Ultra-long carbon nanotube-paraffin composites of record thermal conductivity and high phase change enthalpy among paraffin-based heat storage materials

Phase change materials (PCMs) are capable of storage considerably more energy than the conventional systems based on sensible heat. Despite immense and global research, there is a continuous pursuit for high-performance PCMs among which carbon nanocomposites emerge as the most prospective ones. In this paper, by comprehensive analysis of carbon nanotubes (CNTs) of three various morphologies (crystallinity, number of walls, and aspect ratio), we report record-breaking characteristics of CNT-paraffin nanocomposites based on ultra-long (770 mu m) in-house multi-wall CNTs (MWCNTs) as fully functional PCMs prepared by a melting technique.
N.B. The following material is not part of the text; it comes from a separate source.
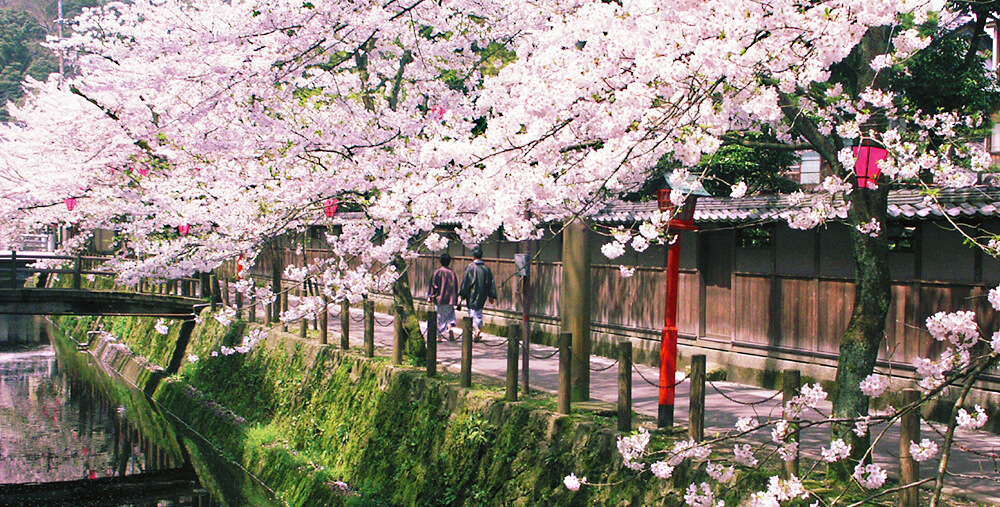 城崎温泉で「浴衣で歩く桜の路」を愉しむ。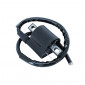IGNITION COIL FOR RIEJU 50 MRT, RS2, RS3/SHERCO 50 SE, SM-R, SE-R/GENRERIC 50 TRIGGER SM/MBK 50 BOOSTER, NITRO, STUNT, X-LIMIT/YAMAHA 50 AEROX, BWS, SLIDER, DT R -P2R- 3700948219478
By systematic investigations covering scanning electron microscopy (SEM), transmission electron microscopy (TEM), X-ray diffraction (XRD), and analysis of thermophysical properties, we have constructed the most promising MWCNT(0.5% wt.)-paraffin nanocomposite of 37%-enhanced thermal conductivity and 6.3%-higher enthalpy of phase change (Delta H-m), in reference to the base paraffin, as well as excellent cycling stability (>50 heating/cooling cycles), and as low supercooling temperature (Delta T = T-m-T-c) as 2.4 degrees C. The superior characteristics derive from rapider nucleation of larger crystallites by MWCNTs proceeding via short- and long-range templating as well as intrinsic characteristics of individual and fibrous ultra-long MWCNTs. Additionally, even a 161%-enhancement in thermal conductivity is available for the long MWCNT-paraffin composite, but at the cost of preserving the remaining thermophysical characteristics of neat paraffin. The results clearly point out the potential of the elaborated PCMs toward thermal energy storage.